Essa é a verdadeira dimensão do problema. Por mais legitimidade democrática que a solução do BREXIT revelasse, e ela é em si legítima e soberana, a verdade é que não foi preparada, se o foi foi com a barriga dos Conservadores e apoiantes do LEAVE em geral. Hoje, a evidência mostra que a economia britânica vai atravessar uma penosa e longa transição de adaptação a esse contexto do BREXIT.
Irei em próximos posts rever a situação macroeconómica do Reino Unido, porque ela é em si estimulante do ponto de vista analítico, pois trata-se de uma economia com moeda própria e não uma moeda qualquer. Os desequilíbrios fundamentais começam a ser gerados ainda no consulado de Cameron-Osborne, com a mais despropositada política de austeridade que se poderia imaginar à altura, produto daquele espírito de classe favorecida que os “meninos” de Eaton e outras Grandes Escolas ao mínimo pormenor revelam com orgulho e com completo esquecimento do conjunto da sociedade britânica.
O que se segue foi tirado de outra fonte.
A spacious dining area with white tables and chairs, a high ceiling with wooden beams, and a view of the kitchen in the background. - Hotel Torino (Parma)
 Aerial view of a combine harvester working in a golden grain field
Vivemos momentos paradoxais e estranhos. A melhor ilustração dessa evidência é o flagrante contraste entre o modo como os líderes Ucranianos, principalmente Zelensky viveram, com tristeza, a saída de cena de Boris e, simultaneamente, nas ruas de Londres o pessoal vivia com alívio esse abandono. Ao contrário do que o Presidente Marcelo sugeriu, isso não mostra as contradições que hoje em dia a governação interna e externa podem assumir. Mostra antes que Boris Johnson utilizou despudoradamente o apoio entusiástico à Ucrânia como instrumento de prolongamento da sua fixação no cargo de primeiro-Ministro. Aliás, na linha do que tinha sido o tom contraditório das suas opções no passado, europeísta para depois se tornar num Brexiter de ocasião e, mesmo em relação ao Brexit, com posições de contra e a favor em função das suas conveniências.
Ontem, o Guardian publicava um artigo surpreendente e simultaneamente bem ilustrativo da personalidade. Dizia o jornal britânico que alguns dos seus biógrafos identificaram um problema a curto prazo na rocambolesca vida de Boris Johnson. O homem não teria a curto prazo sítio onde dormir e viver, já que esperançado numa longa permanência no poder vendeu a sua casa e o apartamento da sua futura mulher é suficientemente pequeno para não acomodar a nova família. Mesmo pressupondo que o gato Larry ficará em Downing Street, o homem parece estar naquela incómoda situação de “sem abrigo” privilegiado. Como diria o careca, isso talvez explique em termos comezinhos o seu afã em permanecer no poder, diz ele até ser substituído, poderíamos dizer nós até resolver os seus problemas de habitação.
O ar da política internacional está um bocadinho menos tóxico e ser palhaço na política talvez não compense. Johnson está como está e em Itália o 5 Estrelas de Beppe Grilo, outro palhaço, não vive dias melhores.
Os palhaços para o circo, parece ser uma boa palavra de ordem.